For descriptive purposes, it is instructive to carry out an analysis based on a summary of the statistics (a quantity calculated from each curve), which can reflect important aspects of the problem at hand – we have chosen the area under the curve (AUC) and the mean amplitude of PO-SCORAD score ranges. Descriptive statistics (mean and standard deviation) of the PO-SCORAD for each visit will also be provided. Normal distribution is assumed in the modeling analysis for the primary outcomes (PO-SCORAD severity score over two 1-year periods; cumulate consumption of TAT during winter) and will be checked at this stage.
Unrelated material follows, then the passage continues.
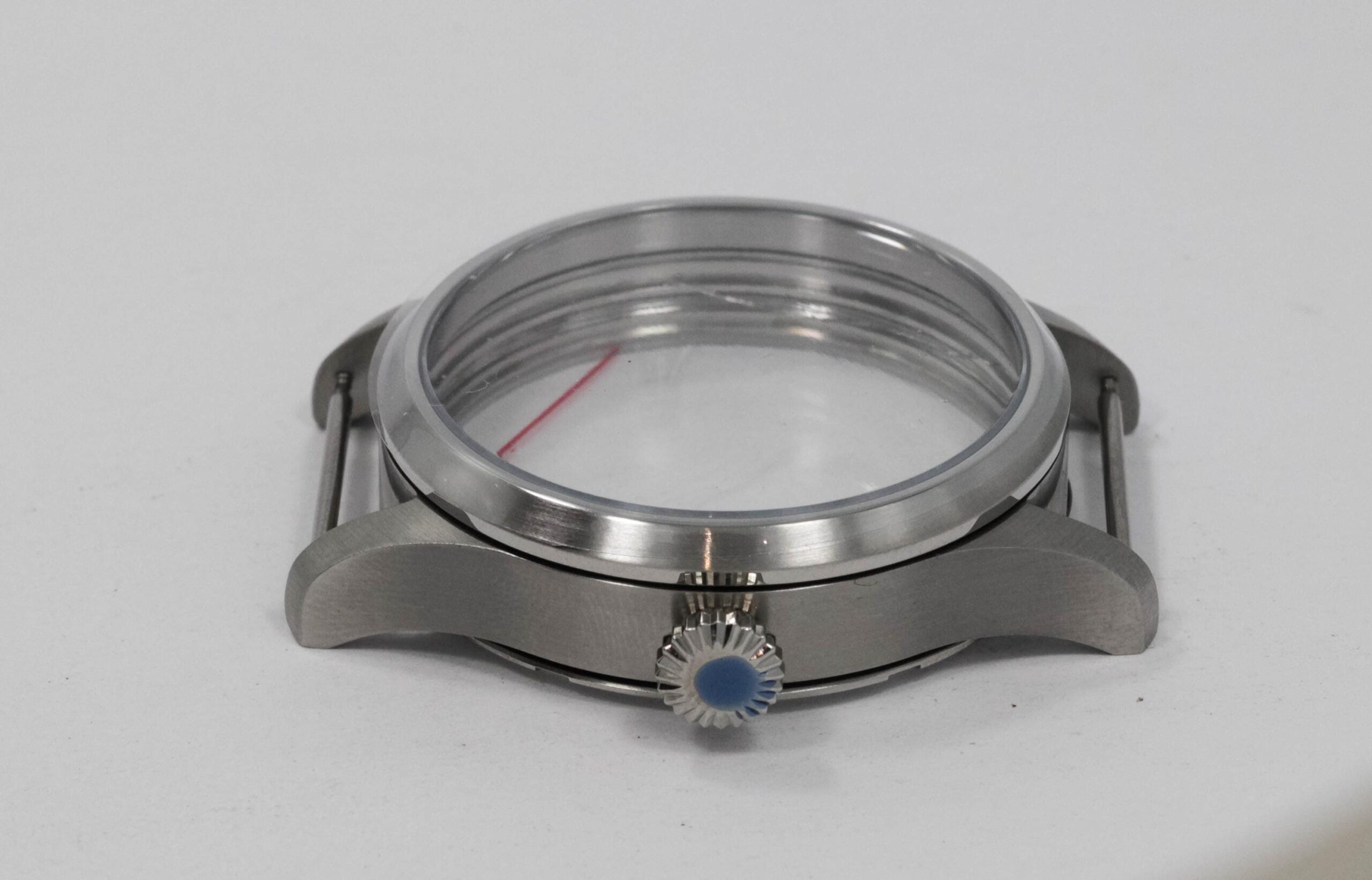 Stainless steel case for marriage watch will fit IWC Cal 77, 73,74 movement - Image 2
The main analysis will be based on the adjusted model and will follow the ‘intention to treat’ principle, namely all participants, as randomized, will be analyzed; outcome data obtained from all participants, regardless of protocol adherence, will be used. Mixed model techniques (PROC MIXED) will be applied.
The multiplicity adjustment strategy used is a hierarchical closed test procedure, where the primary endpoints are ordered as follows: (E1) repeat measures of the PO-SCORAD severity score over 1 year and (E2) cumulate consumption of TAT over winter. We will test E1 and E2 sequentially at the same two-sided level of 0.05; we will test E1 first, if it proves significant, will we test E2. A Wald test with Kenward–Roger degrees of freedom will be used.
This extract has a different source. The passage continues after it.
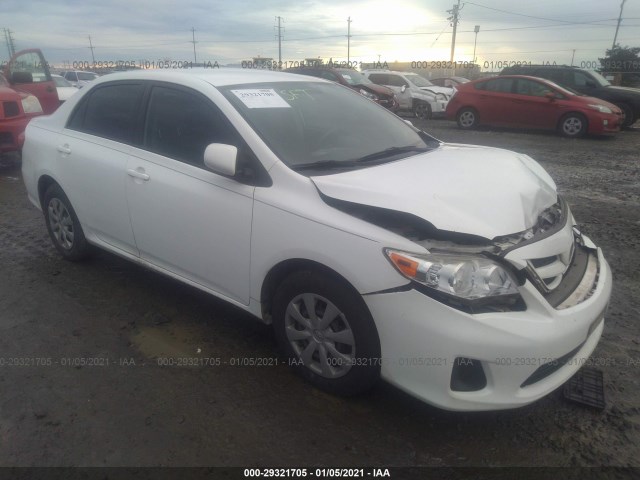 TOYOTA COROLLA 2011 jtdbu4ee9bj101009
No subgroup analyses nor interim analyses are planned.
For secondary analyses, we will use up to four measures per 1-year period, collected at each clinical visit (every 3 months), including investigator-based severity scores (Eczema Area and Severity Index, Severity of Atopic Dermatitis Index, Investigator Global Assessment), patient-reported severity and quality of life scores (Patient-Oriented Eczema Measure, Dermatology Life Quality Index), serum vitamin D levels, total IgE serum levels, weeks of satisfactory control, inter-visit cumulate consumption of TAT, and synthetic patient-reported satisfaction at the end of each winter.
All analyses will use procedures available in SAS software 9.4 (SAS Institute, Carry, NC, USA).